I think you were much more on track with the Frankfurt school aesthetics discussion.

thesimplicity said...

Great argument. I highly recommend Matthew Wasteland's take on this if you haven't read it before.

For me, "what is art?" has never been the question; "what are games?" seems more appropriate. I've been thinking about this topic more and more after playing the Path, which is perhaps the fist commercial game that was intended to be a work of art. And, of course, the brainysphere (jesus, I hate that term) adored it while traditional gaming outlets were stuck trying to figure out what numerical value to assign to the game's "sound."As time goes on the quality of the message increases, it becomes more and more apparent that video games as a platform have been appropriated from the mainstream. That is where I see the connection to comic books.

Loberto said...

"To tip my hand a bit, I think this would involve exploiting the fact that games are both rules and fiction, form and content. The game creates a certain space of possibilities for the player to inhabit and the fiction invests those choices with meaning."

And immediately your description conjures to my mind the art of architecture. The relationship of form and function, habitable sculpture, an emotional experience crafted by the use of spatial and temporal elements...

Perhaps an answer to your question "what kind of art games are"...

Grobstein said...

That word "braid" in the Kavalier and Clay quote. . . .

Nels Anderson said...

I think the "Are games art?" question is actually worse than boring, it's deceptive. Even if there was some arcane calculus through which one could prove, indisputably, that games were art, it wouldn't change anything. The quality of being "art" doesn't transmute existing games into something more enjoyable, compelling or meaningful. It's a red herring at best.
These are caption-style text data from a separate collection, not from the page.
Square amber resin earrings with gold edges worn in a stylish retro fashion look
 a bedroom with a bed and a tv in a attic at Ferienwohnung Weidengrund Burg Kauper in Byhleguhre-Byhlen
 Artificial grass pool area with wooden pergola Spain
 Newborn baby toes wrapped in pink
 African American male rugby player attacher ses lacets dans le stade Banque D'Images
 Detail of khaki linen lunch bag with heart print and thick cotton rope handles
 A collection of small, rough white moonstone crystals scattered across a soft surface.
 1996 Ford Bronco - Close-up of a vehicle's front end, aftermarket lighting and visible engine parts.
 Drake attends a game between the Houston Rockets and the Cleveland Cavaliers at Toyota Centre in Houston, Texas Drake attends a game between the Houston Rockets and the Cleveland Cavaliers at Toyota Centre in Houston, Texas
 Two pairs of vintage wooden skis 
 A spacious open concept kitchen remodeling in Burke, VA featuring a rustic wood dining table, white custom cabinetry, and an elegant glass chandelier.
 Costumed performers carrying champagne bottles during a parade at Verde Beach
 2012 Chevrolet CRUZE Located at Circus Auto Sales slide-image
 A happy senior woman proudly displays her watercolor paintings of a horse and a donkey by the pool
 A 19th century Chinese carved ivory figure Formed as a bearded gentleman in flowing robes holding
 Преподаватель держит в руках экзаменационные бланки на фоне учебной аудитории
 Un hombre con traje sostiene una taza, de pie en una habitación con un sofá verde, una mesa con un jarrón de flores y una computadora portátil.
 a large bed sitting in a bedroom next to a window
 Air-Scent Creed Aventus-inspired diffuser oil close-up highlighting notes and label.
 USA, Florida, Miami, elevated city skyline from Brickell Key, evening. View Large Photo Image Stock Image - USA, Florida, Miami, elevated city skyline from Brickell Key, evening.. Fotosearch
Iain Simons' interview with Tom Kim (I think) laid this out even better.

I find some game analysis to be in a very similar vein. It's interested, I suppose. But after reading, I can't help but think, "This doesn't help me make a better game." Making better games is ought to be what we care about, not lining up some constellation of media properties that demonstrates games are art.

Maybe that's just my bias. But I can't imagine Orson Welles was sitting on the set of Citizen Kane, eating Buckley's peas and wringing his hands about whether or not he was making "great art." I think he was concerned with making a great film and knew the rest would align itself.

Also: It's this braiding we should be thinking about.You, sir, are a fiend =)

Nels Anderson said...

Addendum: @Dynamic Equilibrium

Iroquois' already on board. I am too, FWIW.

The similarities between games and architecture, especially in that they're functional things that people must "use," is very accurate. Most of the time, I think it's more accurate that comparing games to film or literature.

Loberto said...

@Nels Anderson

Ah, my apologies to Iroquois for being such a part-time reader.

[goes off to read referenced post]

Simon Ferrari said...

@ games and architecture:

Nobody likes to read Henry Jenkins? "Game Design as Narrative Architecture" is an oldie but a goodie.

Celia Pearce also writes about it in connection to the Uru Diaspora and her experience transitioning from working as an attraction designer for Disney to game design.

Simon Ferrari said...

Oh, I just saw somebody already linked Jenkins in the comments section of IP's old post on the subject, and then everybody promptly ignored it and kept on commenting.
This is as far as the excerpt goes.